Thalhah Al-Jaud wal Fayyadh - Pribadi yang Pemurah dan Dermawan
Kemurahan dan kedermawanan Thalhah bin Ubaidillah patut kita contoh dan kita teladani. Dalam hidupnya ia mempunyai tujuan utama yaitu bermurah dalam pengorbanan jiwa. Thalhah merupakan salah seorang dari (8) delapan orang yang pertama masuk Islam, dimana pada saat itu orang bernilai seribu orang. Sejak awal keislamannya sampai akhir hidupnya dia tidak pernah mengingkari janji. Janjinya selalu tepat. Ia juga dikenal sebagai orang jujur, tidak pernah menipu apalagi berkhianat. Pernahkah anda melihat sungai yang airnya mengalir terus menerus mengairi dataran dan lembah ? Begitulah Thalhah bin Ubaidillah. Ia adalah seorang dari kaum muslimin yang kaya raya, tapi pemurah dan dermawan. Istrinya bernama Su'da binti Auf. Pada suatu hari istrinya melihat Thalhah sedang murung dan duduk termenung sedih. Melihat keadaan suaminya, sang istri segera menanyakan penyebab kesedihannya dan Thalhah mejawab, " Uang yang ada di tanganku sekarang ini begitu banyak sehingga memusingkanku. Apa yang harus kulakukan ?" Maka istrinya berkata, "Uang yang ada ditanganmu itu bagi-bagikanlah kepada fakir-miskin." Maka dibagi-bagikannyalah seluruh uang yang ada ditangan Thalhah tanpa meninggalkan sepeserpun. Assaib bin Zaid berkata tentang Thalhah, katanya, "Aku berkawan dengan Thalhah baik dalam perjalanan maupun sewaktu bermukim. Aku melihat tidak ada seorangpun yang lebih dermawan dari dia terhadap kaum muslimin. Ia mendermakan uang,sandang dan pangannya." Jaabir bin Abdullah bertutur, " Aku tidak pernah melihat orang yang lebih dermawan dari Thalhah walaupun tanpa diminta. Oleh karena itu patutlah jika dia dijuluki "Thalhah si dermawan", "Thalhah si pengalir harta", " Thalhah kebaikan dan kebajikan".
Wafatnya Thalhah
Talhah bin Ubaidillah meninggal dunia pada tahun 36 Hijrah bersamaan 656 Masehi. Thalhah wafat pada usia 60 (enam puluh) tahun dan dikubur di suatu tempat dekat padang rumput di Basra. Beliau meninggal dunia terkena panah pada peperangan Jamal. Sewaktu terjadi pertempuran "Aljamal", Thalhah (di pihak lain) bertemu dengan Ali Ra dan Ali Ra memperingatkan agar ia mundur ke barisan paling belakang. Sebuah panah mengenai betisnya maka dia segera dipindahkan ke Basra dan tak berapa lama kemudian karena lukanya yang cukup dalam ia wafat. Tidak ada kegembiraan paling diharapkan sahabat Rasulullah SAW, melebihi kedudukan yang disandangkan Baginda kepada Thalhah bin Ubaidillah yang tidak hairanlah hatinya tenteram mendengar kata-kata itu. Dialah insan yang akan hidup dan mati termasuk salah seorang mereka yang menepati benar apa dijanjikan Allah, dan dia tidak terkena fitnah dan tidak mendapat kesukaran.

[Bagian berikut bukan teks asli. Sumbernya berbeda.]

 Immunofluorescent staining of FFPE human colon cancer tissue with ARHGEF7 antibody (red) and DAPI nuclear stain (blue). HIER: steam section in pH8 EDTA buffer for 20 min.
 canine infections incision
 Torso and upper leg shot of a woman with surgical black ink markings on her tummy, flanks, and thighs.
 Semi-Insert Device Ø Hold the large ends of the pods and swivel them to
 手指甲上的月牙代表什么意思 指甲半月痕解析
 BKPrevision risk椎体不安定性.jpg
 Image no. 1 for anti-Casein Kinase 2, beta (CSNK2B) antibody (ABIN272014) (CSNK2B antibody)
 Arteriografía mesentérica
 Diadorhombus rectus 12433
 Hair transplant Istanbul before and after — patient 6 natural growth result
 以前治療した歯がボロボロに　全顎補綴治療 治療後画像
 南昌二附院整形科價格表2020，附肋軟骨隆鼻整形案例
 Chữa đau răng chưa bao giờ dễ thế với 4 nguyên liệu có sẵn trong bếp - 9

Rasulullah pernah berkata kepada para sahabat Ra, "Orang ini termasuk yang gugur dan barang siapa senang melihat seorang syahid berjalan diatas bumi maka lihatlah Thalhah. Hal itu juga dikatakan ALLAH dalam firmanNya : "Di antara orang-orang mukmin itu ada orang -orang yang menepati apa yang telah mereka janjikan kepada ALLAH, maka diantara mereka ada yang gugur. Dan diantara mereka ada (pula) yang menunggu-nunggu dan mereka sedikitpun tidak merubah janjinya." (Al-Ahzaab: 23)
6. Azzubair bin Awwam,
Sahabat yang berikutnya, adalah sahabat karib dari Thalhah. Beliau muslim pada usia lima belas tahun dan hjrah pada usia delapan belas tahun, dengan siksaan yang ia terima dari pamannya sendiri. Kepahlawanan Azzubair ibnul Awwam pertama terlihat dalam Badar saat ia berhadapan dengan Ubaidah bin Said Ibnul Ash. Azzubair ibnul Awwam berhasil menombak kedua matanya sehingga akhirnya ia tersungkur tak bergerak lagi, hal ini membuat pasukan Quraisy ketakutan.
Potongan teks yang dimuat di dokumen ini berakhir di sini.